The Motorola Razr comes with an 8MP camera on the back capable of capturing shots of up to 3264 x 2448 pixels and a 1.3MP camera on the front.
There is also a single LED flash on the back, to aid you in low light situations.
You can get to the camera app easily from the lock screen, with a dedicated slide action to take you straight into camera mode. There is also the generic camera app located in the app tray and on the home screens.
The app opens quickly enough, usually taking 1 second. If you wait and allow the phone to focus first (denoted by the white square in the middle turning green), the phone will take the image almost instantly as you press the button. However if you're in a rush, the phone will focus after you have pressed the shutter which causes a second or two of delay, which is a bit frustrating.
The phone does have auto focus, but this can sometimes take a couple of seconds to settle, depending on what you're shooting. We're glad to see tap to focus in play here, which allows you to select a certain object/area of the image for the camera to focus on.
For those of you who like to tweak settings to get that perfect picture, the Razr has a range of options you can choose from. All are easily accessible from the settings toolbar which your can bring up within the app
There are four shooting modes available; single shot, panorama, multishot and timer and when you're using single shot or timer, you can select from six scene options.
We tended to leave the scene toggle on Auto, but if the mood takes, you can select from Portrait, Landscape, Sport, Night Portrait, Sunset and Macro.
To further enhance your photos, there are 8 effects to choose from; normal, black and white, negative, sepia, solarise, red tint, green tint and blue tint. You are also able to tweak the exposure level, from -2 to +2.

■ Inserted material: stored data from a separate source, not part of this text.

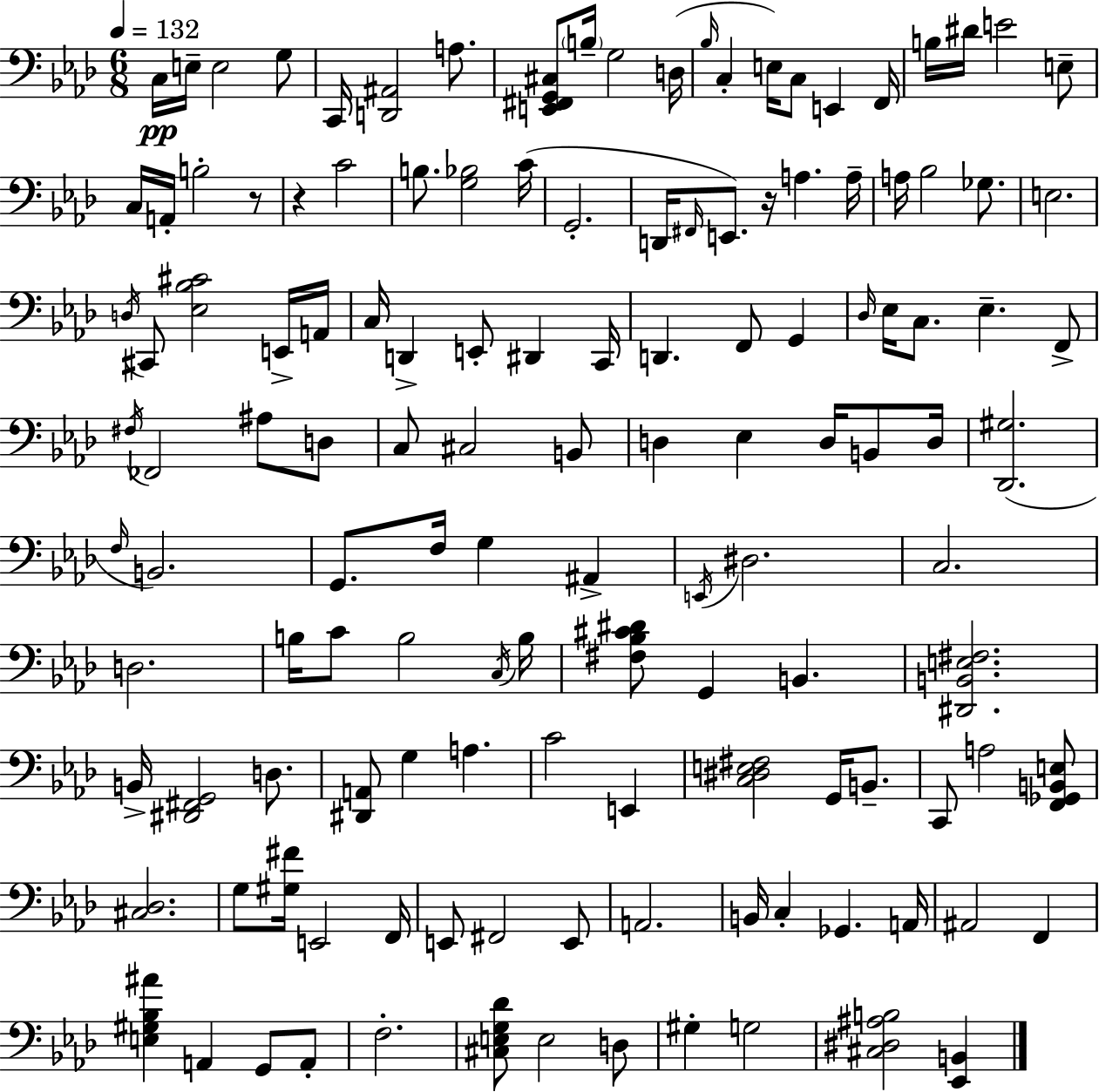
{
  \clef bass
  \numericTimeSignature
  \time 6/8
  \key aes \major
  \tempo 4 = 132
  c16\pp e16-- e2 g8 | c,16 <d, ais,>2 a8. | <e, fis, g, cis>8 \parenthesize b16-- g2 d16( | \grace { bes16 } c4-. e16) c8 e,4 | \break f,16 b16 dis'16 e'2 e8-- | c16 a,16-. b2-. r8 | r4 c'2 | b8. <g bes>2 | \break c'16( g,2.-. | d,16 \grace { fis,16 } e,8.) r16 a4. | a16-- a16 bes2 ges8. | e2. | \break \acciaccatura { d16 } cis,8 <ees bes cis'>2 | e,16-> a,16 c16 d,4-> e,8-. dis,4 | c,16 d,4. f,8 g,4 | \grace { des16 } ees16 c8. ees4.-- | \break f,8-> \acciaccatura { fis16 } fes,2 | ais8 d8 c8 cis2 | b,8 d4 ees4 | d16 b,8 d16 <des, gis>2.( | \break \grace { f16 } b,2.) | g,8. f16 g4 | ais,4-> \acciaccatura { e,16 } dis2. | c2. | \break d2. | b16 c'8 b2 | \acciaccatura { c16 } b16 <fis bes cis' dis'>8 g,4 | b,4. <dis, b, e fis>2. | \break b,16-> <dis, fis, g,>2 | d8. <dis, a,>8 g4 | a4. c'2 | e,4 <c dis e fis>2 | \break g,16 b,8.-- c,8 a2 | <f, ges, b, e>8 <cis des>2. | g8 <gis fis'>16 e,2 | f,16 e,8 fis,2 | \break e,8 a,2. | b,16 c4-. | ges,4. a,16 ais,2 | f,4 <e gis bes ais'>4 | \break a,4 g,8 a,8-. f2.-. | <cis e g des'>8 e2 | d8 gis4-. | g2 <cis dis ais b>2 | \break <ees, b,>4 \bar "|."
}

Well lit, outside scenes are handled well, as you are easily able to see the ripples in the water around the swan in the image above.
The camera struggles a little with indoor scenes with poorer lighting.
However, it produces better quality images with the flash in use.
Using the default settings on the camera, with no special mode, scene or effect we were able to shoot the harbour scene above.
This is the same scene, using the Black and White effect
This is the same scene, using the Negative effect
This is the same scene, using the Sepia effect
This is the same scene, using the Solarise effect
The digital zoom (up to 8x) performs relatively well, the above was shot through a 3rd storey window.
The macro setting is useful if you wish to capture an object in close up deal and we found the Razr performed well in macro mode.
Also within the settings is the option to capture widescreen images – which will naturally fill the whole of the Razr's display, but the resolution falls to 6MP if widescreen is turned on. You can also select to geo-tag your photos – so you can plot all the locations of your photos on a map, if you so wish.
The Panorama mode works relatively well, automatically taking a series of snaps as you move the camera round and then stitching them together. We did find some blurring if we moved round too quickly, so make sure you take your time.
In multishot mode, once the shutter is pressed, the Razr will take a burst of 6 consecutive images. This is ideal for trying to snap a moving object, such as a car, as it gives you a better chance of getting a centralised photo.
Unfortunately the flash is automatically disabled in multishot mode, so don't bother trying to montage your mate doing the funky chicken in a nightclub – you won't see nuttin'.